There are going to be a lot of new college grads around town this weekend. Before they were sent off on the streets of Baltimore, some of our leaders provided words of inspiration. Here’s a look at the local commencement speeches, and a chance to watch some of them:
Pixar President Edwin Catmull delivered the much-hyped address to JHU grads at Homewood Field on Thursday. He focused on creativity — “the process by which we solve problems.” He made an admission that at Pixar, “all of our movies suck at first.” But that’s part of the creative process, he said.
“I believe that everyone has the potential to be creative,” Catmull said. “It is our choices that block or enable potential in others and in yourself. Make it OK to make mistakes.”
Ravens coach John Harbaugh was tapped for his first-ever commencement speech at Stevenson University on Thursday. He chose a topic of great relevance to his audience: the first job. His own first gig happened to be working for his dad, and he shared a story about a time when a fatherly lesson bled over to the sideline. The ever-competitive Harbaugh was also full of tips on how to get a leg up.

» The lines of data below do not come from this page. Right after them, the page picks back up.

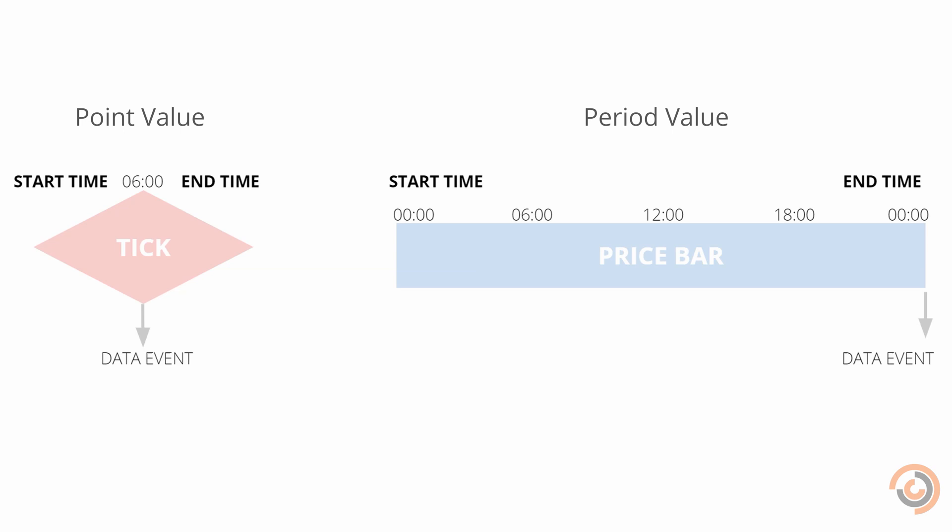Data in Lean comes in two formats: point values and period values. Point values represent discrete data from a single point in time, like tick data. Period values are an aggregate of data over a period of time, like bar data.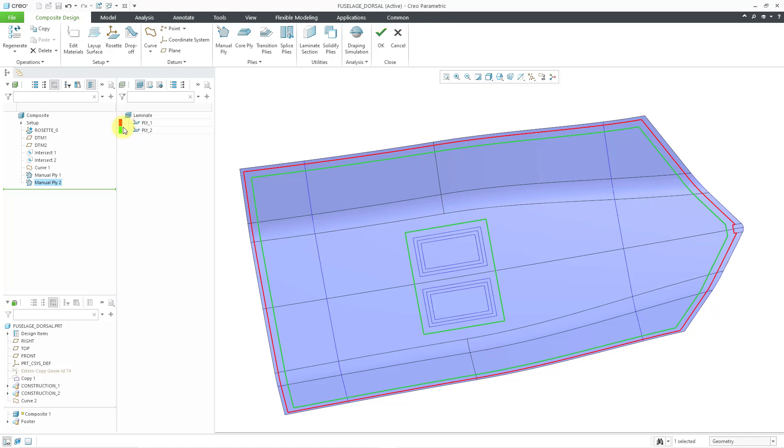By the way, you can see the color coding in our laminate tree. We have the first Ply in red and the other one in green. Be aware that you can change these colors later on.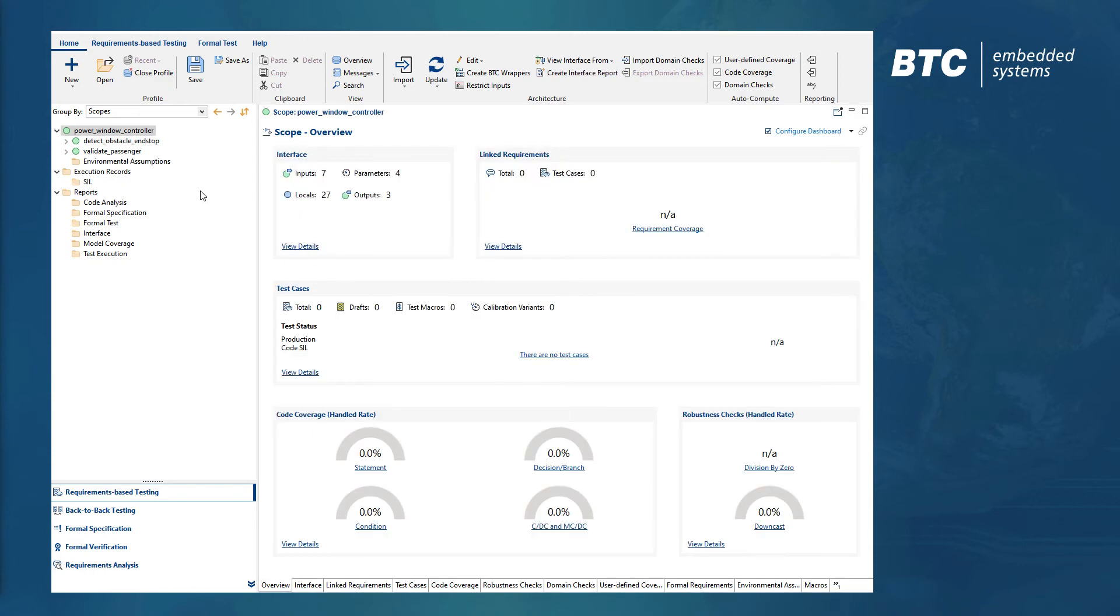When selecting a different function in the hierarchy, the context-sensitive dashboard automatically adapts its content and shows the interface of that function.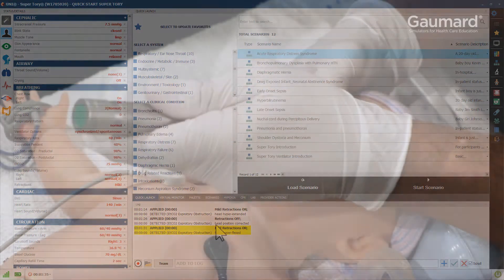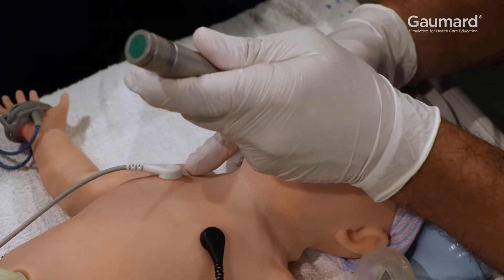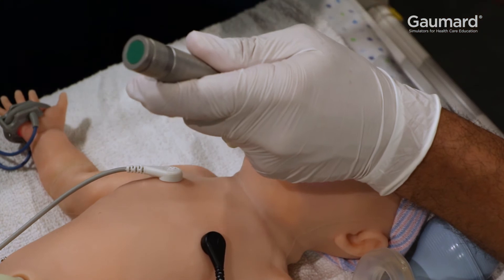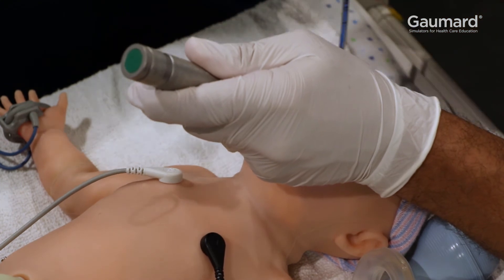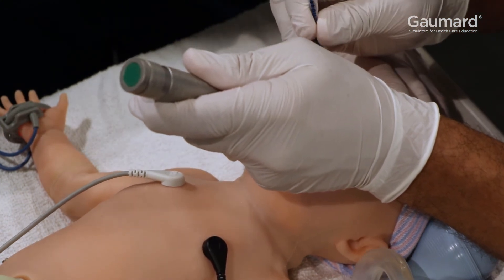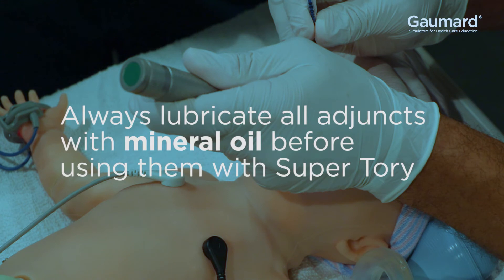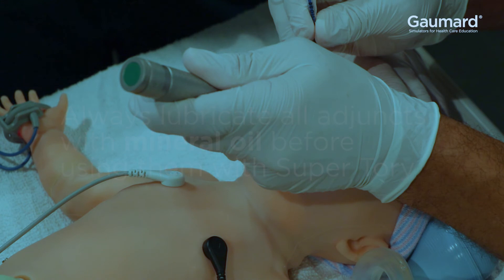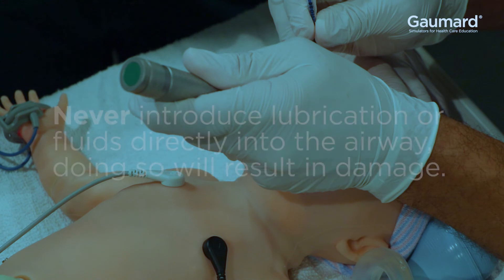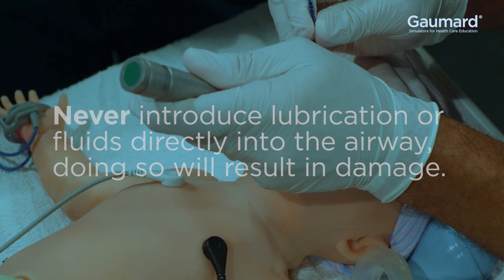Supratory's airway supports standard adjuncts. Size 3 and 3.5 endotracheal tubes work best with Supratory. Always remember to lubricate any instrument before using it on Supratory. Never introduce fluids or lubrication directly to the airway, as doing so can damage Supratory.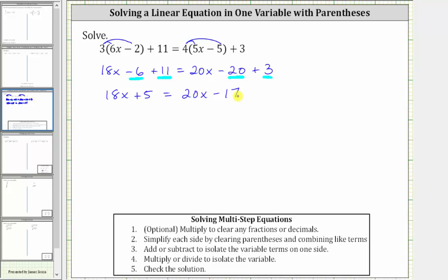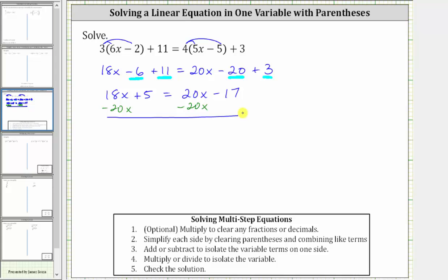The next step is to add or subtract to isolate the variable terms on one side. We have 18x on the left and 20x on the right. We subtract 20x on both sides so the variable term is on the left. Simplifying, 18x minus 20x is negative two x, so the left side is negative two x plus five, and the right side is just negative 17.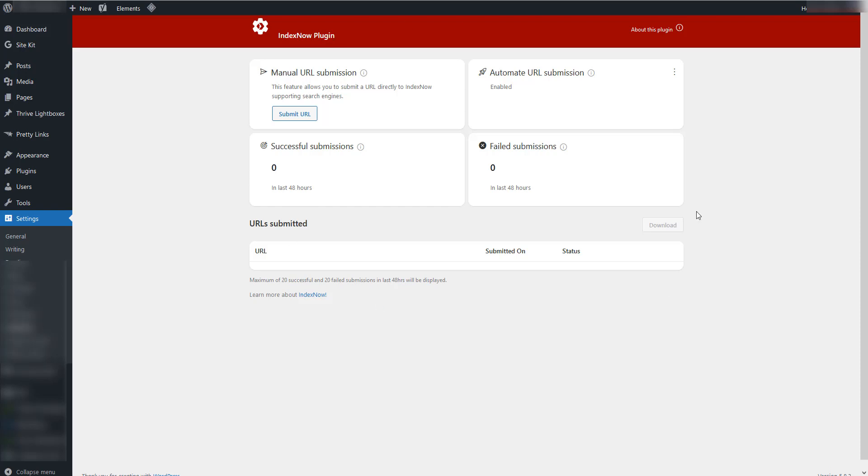Once you do that, you have to start publishing content, of course, updating and you will see positive results if you're gonna start tracking that. Or you can manually even submit via dashboard, submit URL.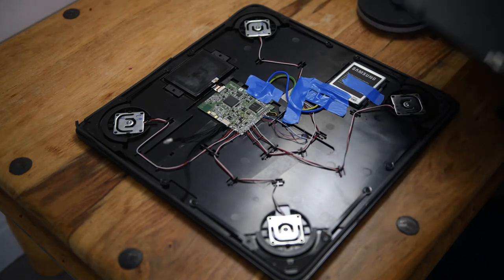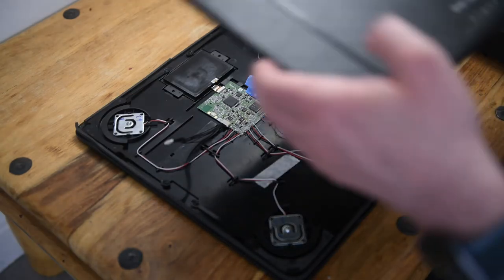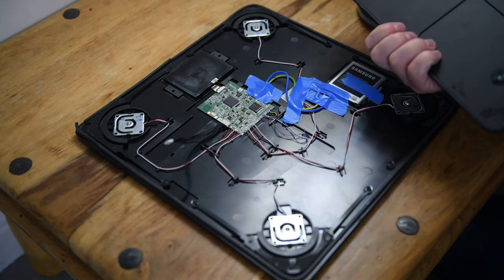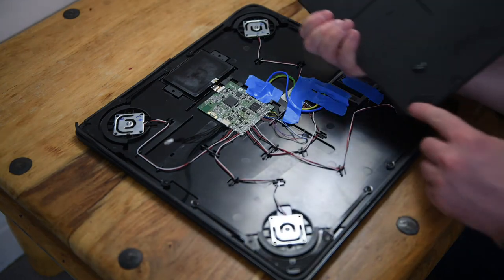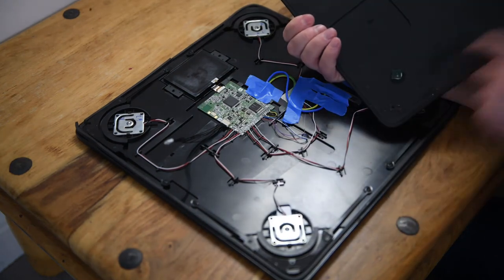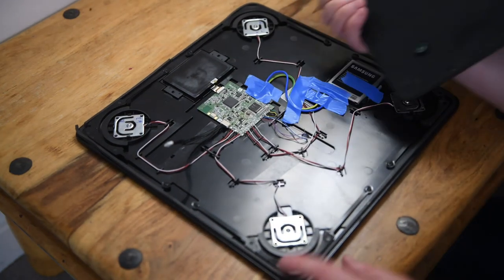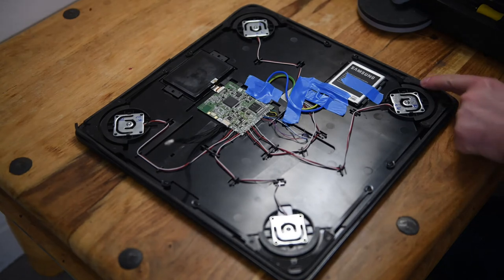Now to reinstall, I put this back on, reverse of taking it off. There is double-sided tape inside on the different corners.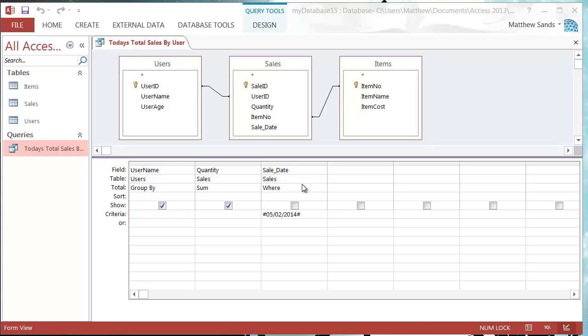Good morning and welcome to my 15th Microsoft Access 2013 tutorial. This tutorial is going to show you how you can use parameters in your queries.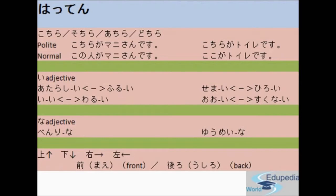Next is the hattin section. We are going to see kochira, sochira, achira, and dochira. There are two different forms: polite and normal. For example, the polite form is kochira ga Mane-san desu, while the normal form is kono hito ga Mane-san desu. Both have the same meaning, but the first is more polite. Kochira means this person. Another example: kochira ga toire desu vs koko ga toire desu — both mean this is the toilet, but the first is more polite.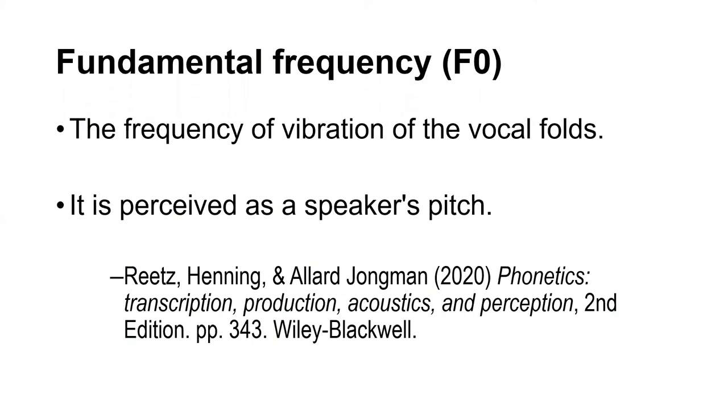Fundamental frequency, or F0, is the frequency of vibration of the vocal folds. It is perceived as a speaker's pitch. Fundamental frequency is usually related to tone.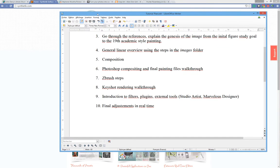Chapter 9: Introduction to Filters — Plug-in External Tools.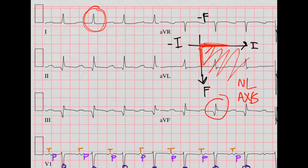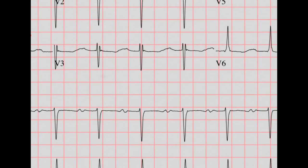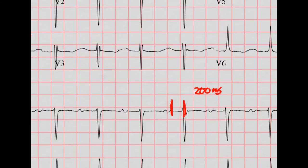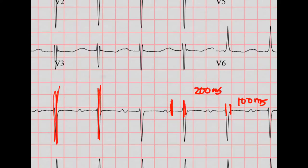Now we're going to do the intervals. We'll look at these leads here. First the PR — that's about one box, so I'm going to say that's 200 milliseconds, which is normal. Then we'll look at the QRS. There are no small boxes on this picture, but it looks like it's about two to two and a half small boxes, so I'd say about 100 milliseconds — that is normal. And then finally, let's look at the QT. Drawing a big line through the start and end, with a dotted line down the middle, you can see that the T wave is to the right of this line. So the QTc is prolonged.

“Everybody you are competing against will do what they are supposed to do,” he said. “It doesn’t take all that much to outdo them. Do everything they do. Then everyday find one more thing to do.”
Loyola University Maryland
Greyhounds packed into Royal Farms Arena, as 1,200 students received degrees on Thursday. The speaker was R. Nicholas Burns, director of future diplomacy at Harvard University. Burns invoked the recent unrest in Baltimore as he offered a message for the future.
“What are our hopes for you as you graduate today?” he said, according to a transcript. “That you will protect and defend voting rights and civil rights and end at long last discrimination in our country against African Americans and other minorities. That after Ferguson, New York, Charleston, and now Baltimore, you’ll help us to return peace to our streets and justice to our society. That you find a way to close the income gap by helping the poor and rebuilding the core of our society—the middle class—because the survival of the American dream and the 21st century may depend upon that.”